The first few days I thought it best to stay at the house trying to bring some normality back to mine and Bella’s life, unpacking our lives into the shapes that we recognize and call home. Bella was bored and wanted to play mostly, so the next day we went for a walk into the forest and visited the local playground although that was a bit wet. We had some fun taking pictures of each other in the woods then walked back home. The next few days were very wet and so we stayed in. Playing with a (bossy) 2 year old was beginning to drain me – having to play shop over and over, sit in a circle with the dollies, or sing the same song time after time again. I had no adult conversation at all. I had no life.

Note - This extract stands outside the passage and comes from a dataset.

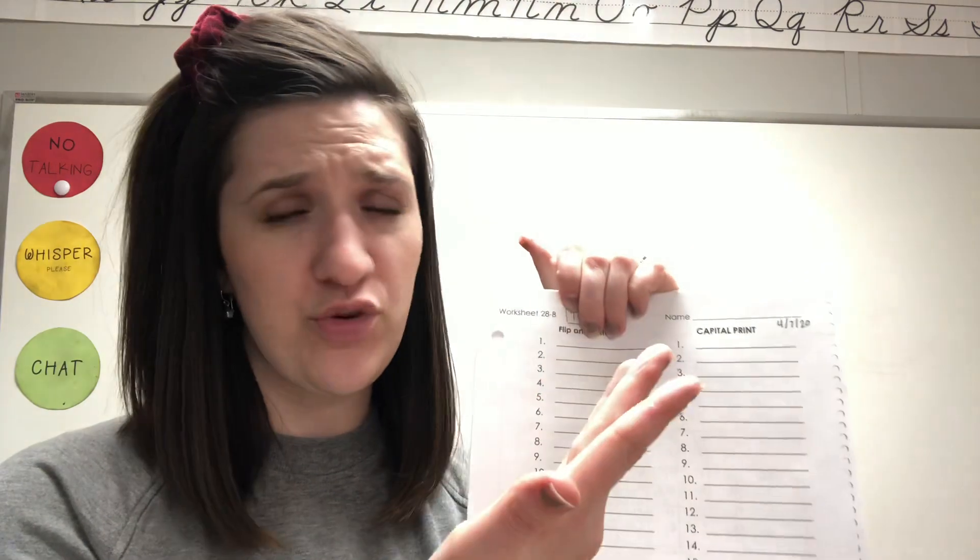Spelling. We have your backside of your spelling sheet, Worksheet 28B. It says flip and write, but there is no other side, so you can't actually flip. Just grab your spelling paper from Monday and copy the words down neatly in cursive, then copy them down neatly in print — capital print — and then at the bottom you may choose cursive or print, as long as it's neat. Doesn't matter to me.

This was meant to be my dream time, my time with Bella, our time together, bonding, enjoying quality time. Morning was a struggle – there was the daily fight over Bella not wanting a wash and me wanting to get the wash over with. This usually followed some row over the colour of Bella’s milk bottle (we were buying it from different places). Then during the day while I tried to unpack boxes Bella would be trying to drag me to her toys. While I tried to hoover, Bella would insist on doing it all by herself which meant it didn’t get done at all. I was getting frustrated and Bella was trying her best to help. I was getting more frustrated. We needed to get out. We did go to the zoo and spent a lovely day looking at all the animals and visiting the playground – Bella (almost) didn’t cry at all – just one crazy screaming event on the way out about going through the turnstiles. In the evenings Bella didn’t want to go to bed – she constantly wanted to be near me and I constantly craved time to myself. I felt like a nobody, with no room for my own life, thoughts, hobbies or work. Steve seemed to be settling into Germany well.